The addition operator has less freedom of selection of mapping than the exclusive-or operator The multiplication operator has mapping selection freedom similar to that of the addition operator Mappings must be randomly selected from a suitable set, the key and data must be mapped accordingly, the lookup tables must be generated and the cipher must be executed

The overhead here is a number of lookup tables of 65536 16-bιt words each, storage of information identifying the mappings applied to the key, and the processing overhead of about twice as many lookups as there are operations performed

In the typical modern-day personal computer, these resources are readily available As this example shows, many existing applications may easily be secured against most DPA attacks using this technique DPA using covertly intercepted electromagnetic radiation from a computer executing a cryptographic process is readily made impractical using this approach It must be borne in mind that where a large amount of data is to be processed, the data mapping should be updated at intervals in the process.

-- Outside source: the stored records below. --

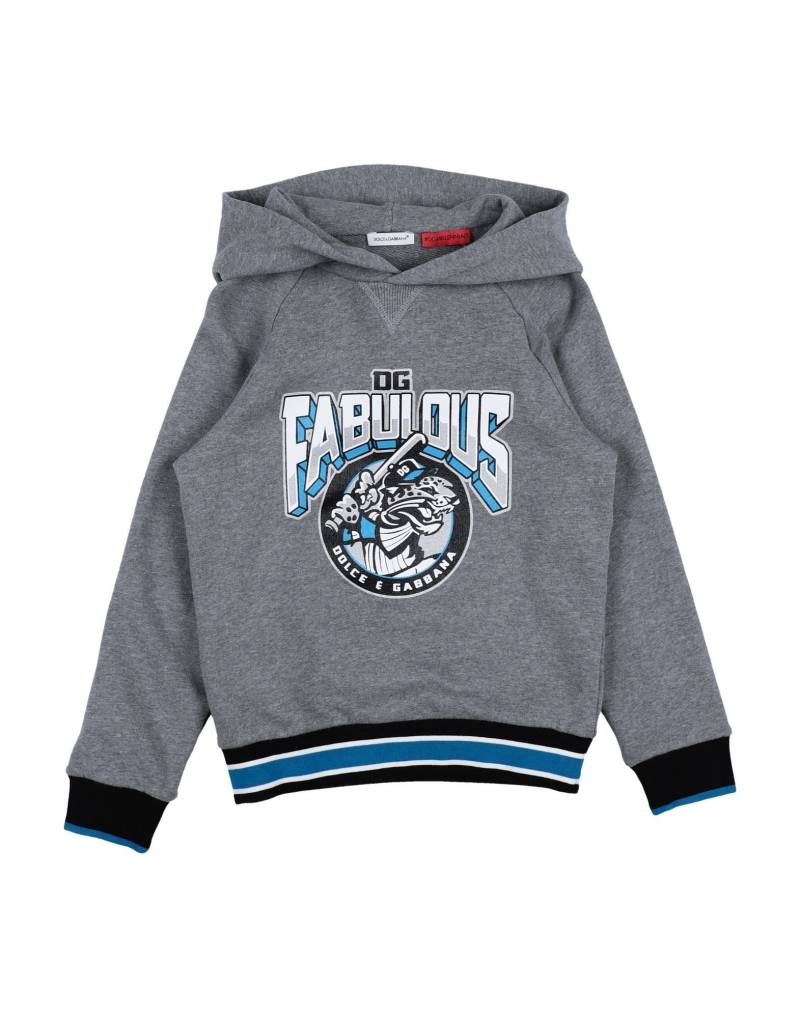 DOLCE&GABBANA Sweatshirt Kinder Grau von DOLCE&GABBANA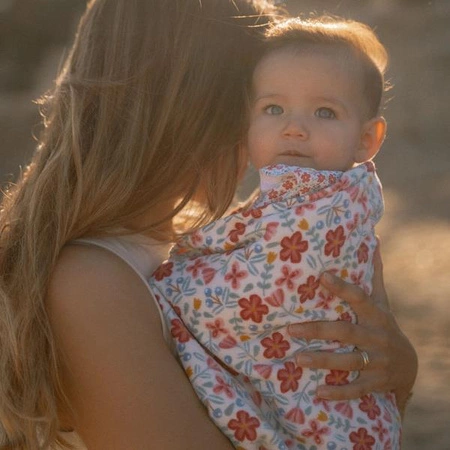 Little Dutch Ręcznik plażowy Sunny Flowers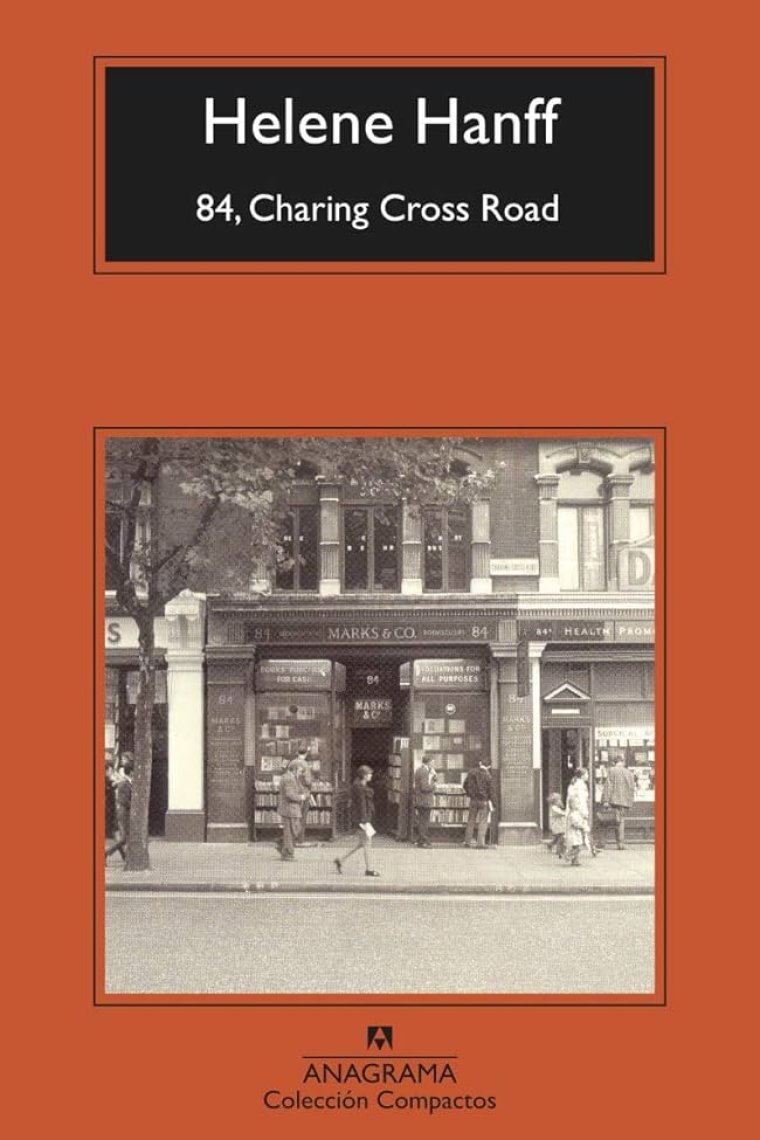 84, Charing Cross Road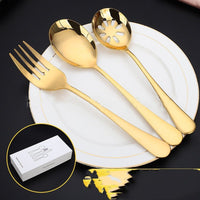 Thumbnail for 45 - piece American Station Western Cutlery Set - Casatrail.com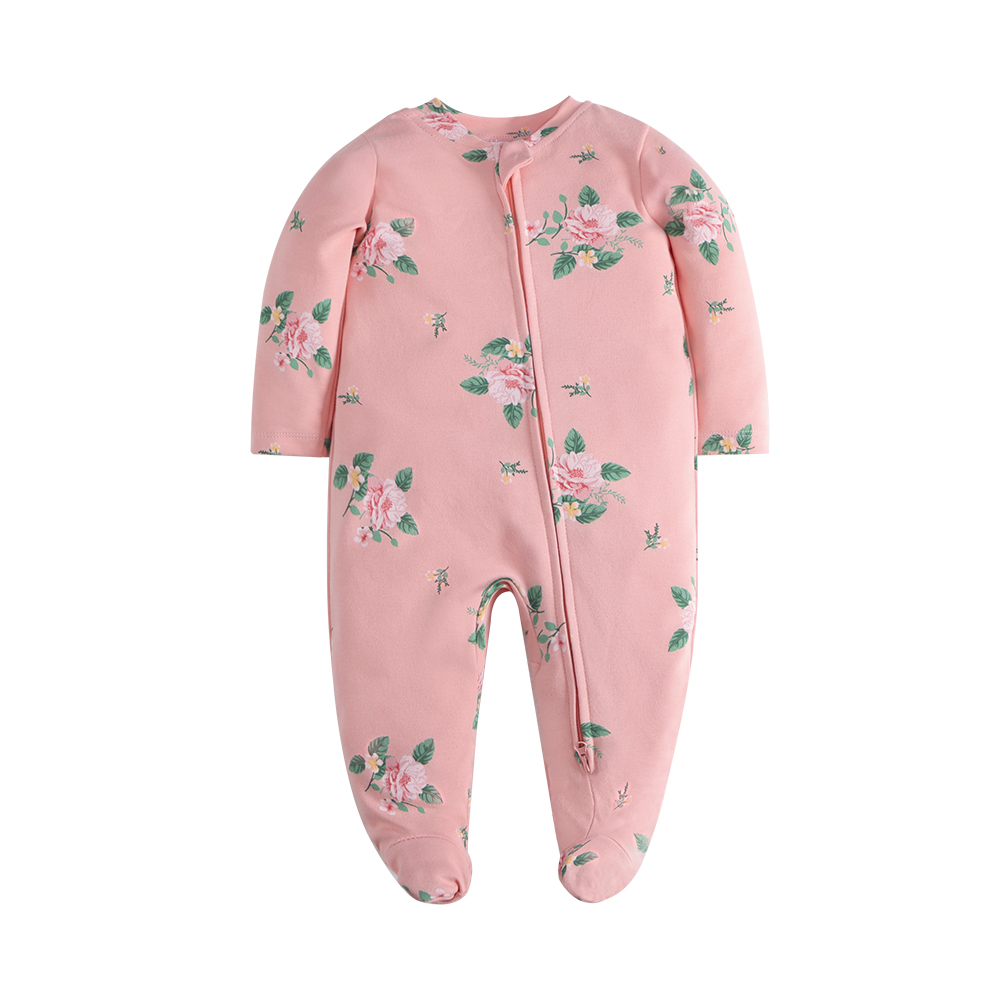 Unisex baby pyjama met voetjes - Baby Clothing Zip recensie en prijs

Example 3: Making the DES cipher DPA-resistant

The Data Encryption Standard (DES) cipher is widely used, and although its 56-bit key length makes it vulnerable to exhaustive-search attacks, still finds wide application. It is also used in more secure variants such as Triple Data Encryption Algorithm (TDEA, more commonly known as triple-DES) and DESX (a cipher derived from DES). It is thus appropriate to consider the application of this invention to DES.

DES was not designed with DPA in mind. As is often the case, measures that are intended to increase the cryptographic strength in have reduced the compatibility of mappings that may be economically used for subsequent operations. Three significant operations are used in DES - modulo-2 addition (exclusive-or), expansion (much like a permutation, except that some or all of the input bits are duplicated) and eight 6-to-4-bit lookup tables (termed S or selection functions). Shifts, bit-permutations (re-ordering) and register interchanges are ignored in this discussion, since the mapping selections applied to each bit are simply tracked (assuming the signals are kept isolated) without having to treat these as distinct operations with the chosen mapping strategy. The replacement of unmodified bit-movements by modified bit movements including tracking of the mapping selection is illustrated in 90.

Although the specific permutations, expansions and exclusive-or operations used allow a large set of mappings on the data (including the key), any mapping involving several bits must inherently be re-mapped to allow use of only six bits at a time as input to each S- function. To consider the eight S-functions collectively as a single entity for this purpose would be prohibitive. For the purpose of simplicity of this example, mappings involving more than one bit will not be considered here. This does not imply that more complex mapping with re-mapping after nearly every operation is necessarily complex. The mapping that will be considered here involves a separate selection for every bit being processed in the algorithm. To reduce the need for fresh random data, a compromise may be made that allows the selections to be correlated, although special care is required here to ensure that the order of DPA-resistance is not reduced below the desired order. Implementation of this compromise will not be included in the example.

Assume for this example that we desire 2^nd-order DPA-resistance. To achieve this, we will use the principle that the number of independent digital quantities needed before being able to reconstruct any information about the original data must be one higher, i.e. 3. Due to the fact that digital signals interact in several unexpected ways, signals cannot be assumed to be independent unless they are suitably isolated.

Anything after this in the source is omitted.